III. La décision de la Section d’appel des réfugiés

[8] La SAR a conclu que, bien que les demandeurs aient été crédibles, ils n’avaient pas réussi à établir un lien avec l’article 96 de la Loi sur l’immigration et la protection des réfugiés, LC 2001, c 27 [la LIPR], et qu’ils pouvaient éliminer les risques auxquels ils faisaient face s’ils acceptaient de vendre leur terre.

[9] En ce qui concerne le lien, la SAR a conclu que l’allégation selon laquelle les demandeurs étaient ciblés en raison de leurs opinions politiques était réfutée par le témoignage de la demanderesse, qui avait admis que c’était faux. La SAR a conclu que les allégations relevaient du droit criminel, tant en ce qui concernait le cousin que la police, lesquels avaient agi illégalement.

[10] En ce qui a trait à la capacité des demandeurs d’éviter les risques auxquels ils faisaient face en vendant la terre, la SAR a rejeté leur argument selon lequel la SPR avait commis une erreur en s’appuyant sur la jurisprudence énonçant que l’on peut s’attendre à ce que les demandeurs capables d’opérer des choix raisonnables et de se soustraire par là même à certains risques optent pour une telle solution.

[11] La SAR s’est aussi penchée sur l’argument des demandeurs selon lequel la SPR avait commis une erreur en omettant d’apprécier l’allégation de la demanderesse relative à la persécution fondée sur le sexe. La SAR a examiné les éléments de preuve objectifs concernant la discrimination et la violence fondées sur le sexe en Inde, et a conclu qu’ils n’atteignaient pas le seuil de la persécution au sens de la Convention.

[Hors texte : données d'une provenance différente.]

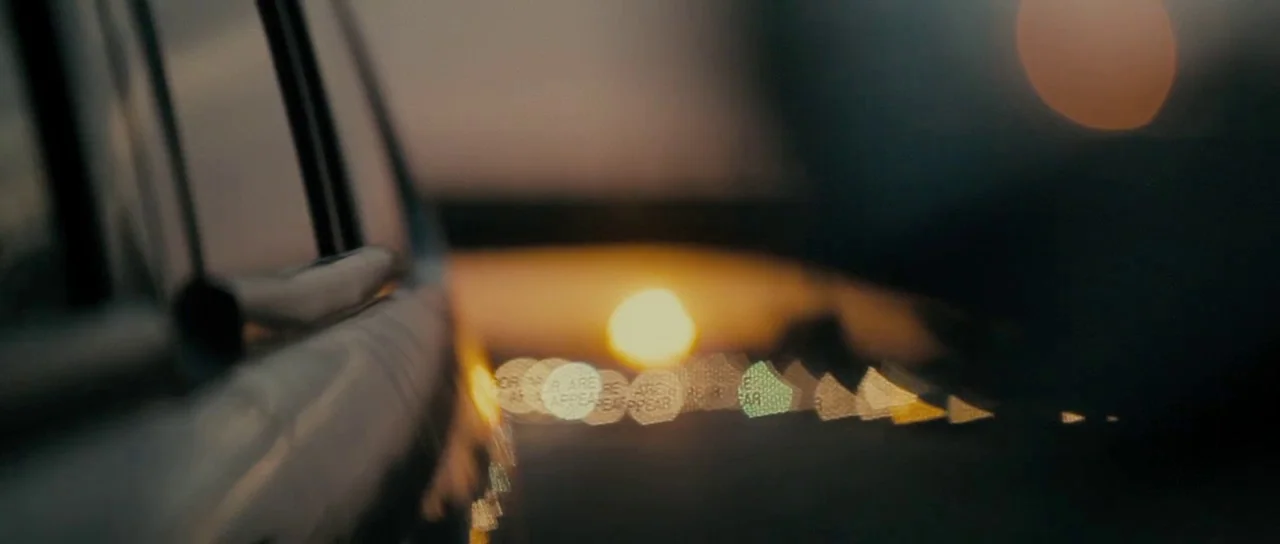 The Imposter (2012) movie still: closeup — A close view of a car door frame during the late golden hour. Out of focus street lights create a line of…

Elle a conclu que le profil de la demanderesse, à savoir une femme mariée avec 12 ans d’études et des moyens financiers, qui n’est pas membre d’un groupe social marginalisé en Inde, ne l’exposait pas à un risque élevé équivalant à de la persécution fondée sur le sexe.

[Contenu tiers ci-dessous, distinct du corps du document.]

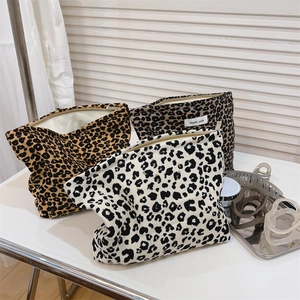 Three-piece leopard print canvas makeup bags with zippers shown in a stylish display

[12] La SAR a donc rejeté l’appel et confirmé la décision de la SPR, selon laquelle les demandeurs n’étaient ni des réfugiés au sens de la Convention, aux termes de l’article 96 de la LIPR, ni des personnes à protéger, aux termes de l’article 97 de la LIPR.

IV. La question en litige et la norme de contrôle

[13] Les arguments soulevés par les demandeurs dans leur contestation de la décision, tels qu’ils sont examinés ci‑dessous, sont assujettis à un contrôle selon la norme de la décision raisonnable. Ainsi, la question que la Cour doit trancher est de savoir si la décision est raisonnable.

V. Analyse

[14] Les demandeurs font valoir que la SAR a commis une erreur en n’analysant pas leur crainte d’être persécutés en Inde comme étant liée à plus qu’un différend foncier. Ils soulignent que le cousin du demandeur a impliqué la police et le parti politique du Congrès pour appuyer sa position contre lui. Ils renvoient la Cour à l’exposé circonstancié du formulaire Fondement de la demande d’asile [le formulaire FDA] du demandeur, qui explique que le cousin l’a menacé de lui donner une leçon une fois que le parti du Congrès serait au pouvoir. De plus, ils relèvent la mention, dans le formulaire FDA, de la menace que la police inculpe le demandeur dans de [traduction] « faux dossiers » et l’envoie en prison. De ce fait, les demandeurs soutiennent qu’il y a un élément politique à leur crainte, et que la SAR a donc commis une erreur en ne constatant pas l’existence d’un lien avec un motif de la Convention.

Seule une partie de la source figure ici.